Chapter 14, entitled “Early Warning from Car Warranty Data using a Fuzzy Logic Technique” by Mark Last, Yael Mendelson, Sugato Chakrabarty and Karishma Batra, addresses the problem of detecting as early as possible problems on cars by managing data stored in a warranty database which contains customer claims recording information on dealer location, car model, car manufacturing and selling dates, claim date, mileage to date, complaint code, labor code, etc. Warranty databases constitute massive stream data that are updated with thousands of new claims on a daily basis. This chapter introduces an original approach to mine these data streams by proposing a fuzzy method for the automatic detection of evolving maintenance problems. For this purpose, the authors propose to study frequency histograms using a method based on a cognitive model of human perception instead of crisp statistical models. The obtained results reveal significant emerging and decreasing trends in the car warranty data.
The problem of video mining is tackled in Chapter 15 entitled “High Scale Fuzzy Video Mining” by Christophe Marsala and Marcin Detyniecki, where the authors propose to use forests of fuzzy decision trees to perform automatic indexing of huge volumes of video shots. The main purpose of the chapter is to detect high-level semantic concepts such as “indoor”, “map” or “military staff” that can then be used for any query and treatment on videos. This data mining problem requires addressing large, unbalanced and multiclass datasets and takes place in the highly competitive context of the TRECVid challenge organized by NIST. The authors report the success of the fuzzy ensemble learning approach they propose, that proves to be both tractable and of high quality. They also underline the robustness advantage of the fuzzy framework that improves the results as compared to other data mining tools.

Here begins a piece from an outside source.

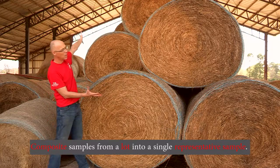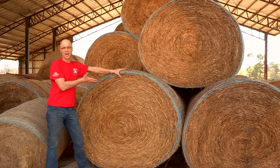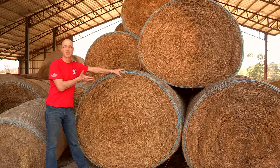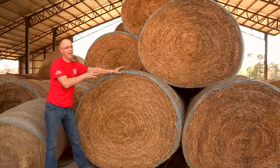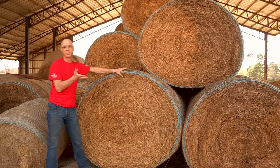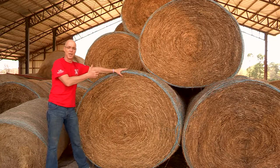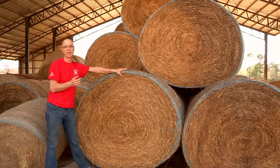In our example, we may have 20 to 30 bales in the barn, and you want to take samples from at least five bales randomly, or wherever you can access them. Sample each of those selected bales and composite them all into a single bag, then ship it to the laboratory.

Chapter 16 entitled “Fuzzy clustering of large relational bioinformatics datasets” by Mihail Popescu considers a practical problem of fuzzy clustering with very large relational datasets, in the framework of bioinformatics to extract information from micro-array data. It describes the whole process of how such problems can be addressed, presenting the theoretical machine learning methods to be used as well as the practical processing system. The considered three-step approach consists in subsampling the data, clustering the sample data and then extending the results to the whole dataset. The practical system describes the methods applied to select the appropriate method parameters, including the fuzzifier and the number of clusters, determined using a cluster validity index. It also describes the adjustments that appear to be necessary to handle the real dataset, in particular regarding the sampling step. The experiments are performed with real data containing around 37,000 gene sequences.
The book thus gathers contributions from various research domains that address the combined issue of fuzziness and scalability from different perspectives, including both theoretical and experimental points of view, considering different definitions of scalability and different topics related to the fuzzy logic and fuzzy set theory use. The variety of these points of view is one of the key features of this book, making it a precious guide for researchers, students and practitioners.